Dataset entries
== Segment start ==

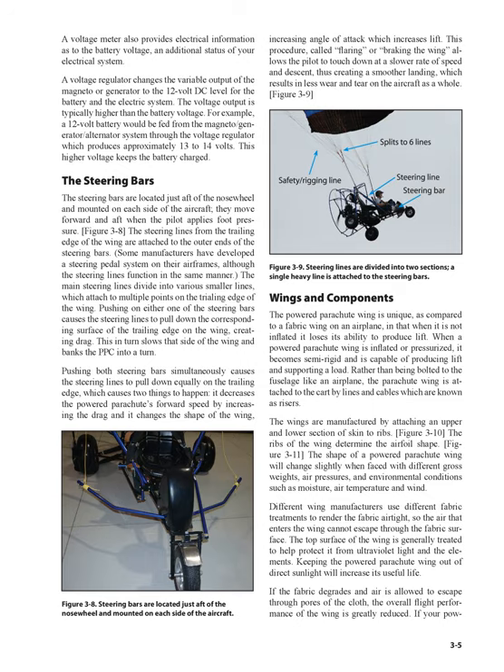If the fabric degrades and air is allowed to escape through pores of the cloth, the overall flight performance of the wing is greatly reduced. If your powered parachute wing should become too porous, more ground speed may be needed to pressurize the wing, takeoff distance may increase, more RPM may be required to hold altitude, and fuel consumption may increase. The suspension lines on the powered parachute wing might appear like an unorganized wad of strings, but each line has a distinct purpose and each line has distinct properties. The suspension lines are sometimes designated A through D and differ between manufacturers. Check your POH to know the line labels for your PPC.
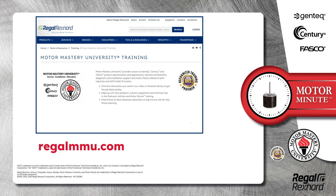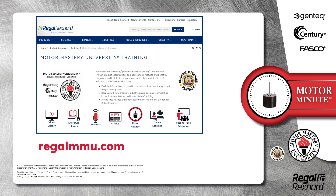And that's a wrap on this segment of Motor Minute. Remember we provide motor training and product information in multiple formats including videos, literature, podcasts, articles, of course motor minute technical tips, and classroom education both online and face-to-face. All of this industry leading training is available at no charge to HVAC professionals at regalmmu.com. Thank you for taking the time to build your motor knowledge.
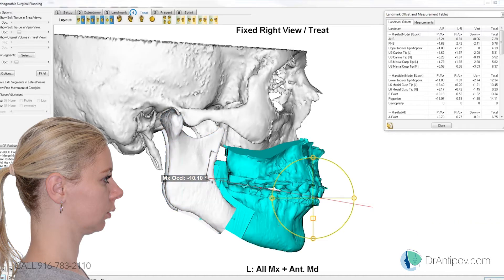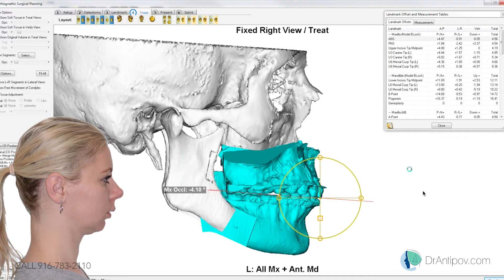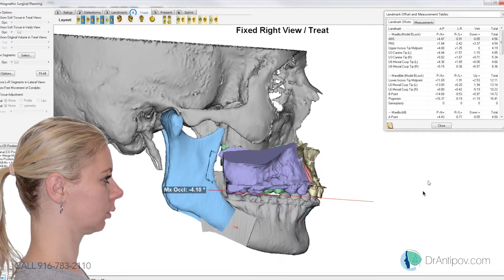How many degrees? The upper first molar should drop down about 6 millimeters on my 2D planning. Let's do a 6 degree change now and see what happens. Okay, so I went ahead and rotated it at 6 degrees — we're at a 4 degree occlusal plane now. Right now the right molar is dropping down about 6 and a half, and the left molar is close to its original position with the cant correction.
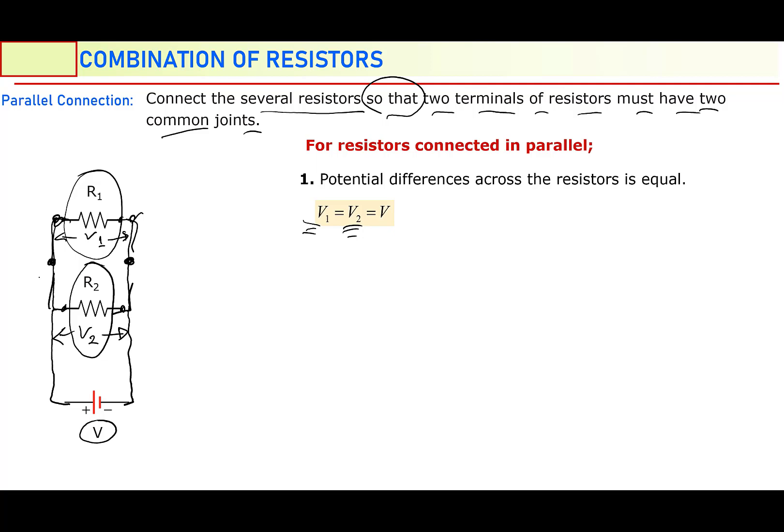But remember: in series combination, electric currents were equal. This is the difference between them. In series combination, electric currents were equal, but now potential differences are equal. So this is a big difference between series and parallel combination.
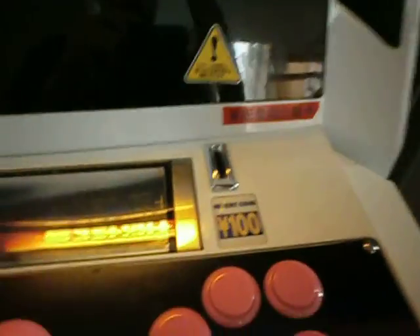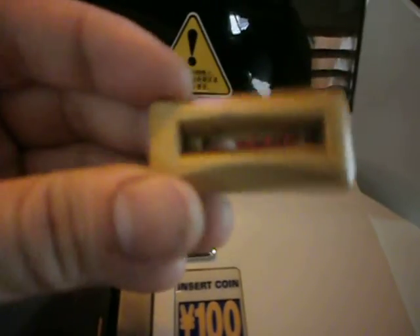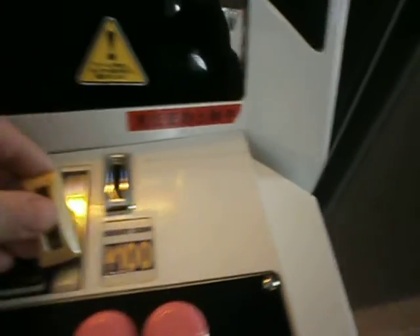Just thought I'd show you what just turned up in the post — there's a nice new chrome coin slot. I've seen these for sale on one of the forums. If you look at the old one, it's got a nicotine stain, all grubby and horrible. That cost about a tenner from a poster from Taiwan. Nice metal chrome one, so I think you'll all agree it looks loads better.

== Segment end ==

### Task item
If pictures appear among the records, do not carry them over; retype the rest exactly.

### Output for this exercise
If the fabric degrades and air is allowed to escape through pores of the cloth, the overall flight performance of the wing is greatly reduced. If your powered parachute wing should become too porous, more ground speed may be needed to pressurize the wing, takeoff distance may increase, more RPM may be required to hold altitude, and fuel consumption may increase. The suspension lines on the powered parachute wing might appear like an unorganized wad of strings, but each line has a distinct purpose and each line has distinct properties. The suspension lines are sometimes designated A through D and differ between manufacturers. Check your POH to know the line labels for your PPC.
And that's a wrap on this segment of Motor Minute. Remember we provide motor training and product information in multiple formats including videos, literature, podcasts, articles, of course motor minute technical tips, and classroom education both online and face-to-face. All of this industry leading training is available at no charge to HVAC professionals at regalmmu.com. Thank you for taking the time to build your motor knowledge.
How many degrees? The upper first molar should drop down about 6 millimeters on my 2D planning. Let's do a 6 degree change now and see what happens. Okay, so I went ahead and rotated it at 6 degrees — we're at a 4 degree occlusal plane now. Right now the right molar is dropping down about 6 and a half, and the left molar is close to its original position with the cant correction.
But remember: in series combination, electric currents were equal. This is the difference between them. In series combination, electric currents were equal, but now potential differences are equal. So this is a big difference between series and parallel combination.
Just thought I'd show you what just turned up in the post — there's a nice new chrome coin slot. I've seen these for sale on one of the forums. If you look at the old one, it's got a nicotine stain, all grubby and horrible. That cost about a tenner from a poster from Taiwan. Nice metal chrome one, so I think you'll all agree it looks loads better.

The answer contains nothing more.